Walters also points out how figures on the establishment side of the Mississippi Senate primary were punished by conservatives around the country.
"Consider Scott Walker and Rick Perry, both of whom were initially thought of as serious contenders, especially Walker," said Walters. "But after Walker hired Brad Dayspring of the NRSC (who helped trash Chris McDaniel), his campaign imploded. Perry hired the Barbours of Mississippi, who were right in the thick of it, and his campaign blew up on the launch pad. That is definitive proof that much of the anger was because of Mississippi 2014."
Walters said he was "disgusted" and "angry" because of what the Republican leadership did to McDaniel in 2014, and he knows he was not alone.
"This was the most despicable, disgusting campaign I've ever seen, and I'm a historian of American political history!" he said. "Republicans expect such trash to come from Democrats and their affiliated groups, like the nasty ad the Latino Victory Fund recently ran against Ed Gillespie in Virginia. But you don't expect your own party to do it to you! This was a betrayal by the Republican Party of one of their own. Chris McDaniel was seen by everyone in Mississippi as the top rising star in the party – that is, until he broke ranks and challenged one of their sacred cows – Thad Cochran.

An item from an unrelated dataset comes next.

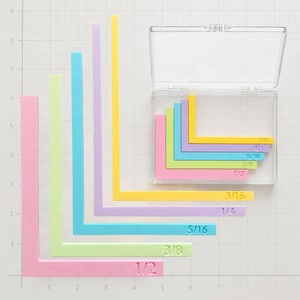 Pode incluir: Um conjunto de réguas de quilting em forma de L nas cores pastel rosa, verde-limão, azul-claro, lavanda e amarelo. Cada régua apresenta medidas em polegadas em relevo, incluindo 1/2, 3/8, 5/16, 1/4 e 3/16. Inclui um estojo transparente.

"And by trashing him, by smearing him with the worst garbage imaginable – and you can't get any worse than accusations of racism – the establishment was impugning all conservatives. That's what caused such anger to spread across the conservative world."
What made it worse, says Walters, is that there was no resolution for all the conservatives who had placed their hopes in McDaniel.
"Not a single investigative journalist from a major news organization or a single prosecutor ever looked into any of it," he said. "With widespread allegations of vote fraud and vote buying, and yet not one prosecutor wants to investigate it? Not one journalist is interested in what really happened? The state's attorney general, Jim Hood, did not lift a finger to look into Cochran's campaign tactics, but of course he's a Democrat, so we didn't expect him to actually do his job. Perhaps he was afraid of what he might find. We are talking about tens of thousands of dollars in cash that supposedly went to 'volunteers.' It's a big example of the rottenness of our politics."
This all-but-unknown story, detailed in "Remember Mississippi" for the first time, continues to resonate in American politics. Not just because of the election of Donald Trump, but because of the internal battles that continue to rage within the GOP.
"We got at least some measure of satisfaction with the presidential outcome," said Walters, looking back on recent events. "The establishment may have won the 'battle of Mississippi,' but ultimately they lost the war. And looking at what's happening today, they lost control of the party, too."